PhD Thesis: Data-driven Augmentation of Turbulence Models for Complex Fluid Flows

Turbulent flows are broadly investigated using physical experiments and/or computational fluid dynamics (CFD) where the accuracy, level of fidelity, and associated costs play competing roles. For practical CFD analyses such as design and analysis of aircraft, there is a heavy reliance on the Reynolds-averaged Navier–Stokes (RANS) simulations due to their relative simplicity and low computational cost. This comes at the cost of limited accuracy for complex flows. A number of data-driven techniques have emerged that augment RANS-based turbulence models using high-fidelity data.

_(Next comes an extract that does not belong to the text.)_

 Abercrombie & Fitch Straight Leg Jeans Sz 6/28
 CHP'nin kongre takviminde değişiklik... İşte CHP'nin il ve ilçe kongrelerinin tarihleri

The novel contributions of this thesis in data-driven augmentation of RANS-based turbulence models, categorised under two themes, are: 1) the data in adjoint-based data assimilation, and 2) developing and employing neural network-augmented turbulence models for automated aerodynamic design optimisation. Firstly, we develop a novel sensor placement approach for generating sparse experimental data for data assimilation. It leverages systematic eigenspace perturbations of the Reynolds-stress tensor to identify regions of flow where RANS turbulence modelling assumptions are most erroneous and concentrate measurements in these areas using a novel greedy algorithm. Results show that the error reduction using our placement strategy is close in accuracy to the instances where two to three orders of magnitude more data points than the placed sensors. We further investigate fusing data for multiple quantities (e.g. velocity and surface pressure measurements) to perform data assimilation, and investigate the relative importance of various physical quantities on the flow reconstruction. Secondly, we employ the field inversion and machine learning technique to augment an existing turbulence model for aerodynamic shape optimisation. As a proof-of-concept we apply the framework to a separated periodic hill flow. Our investigations highlight the role of the turbulence model on the optimal shapes achievable, with the neural network-augmented turbulence model achieving approximately 4-times more drag reduction compared to the baseline model.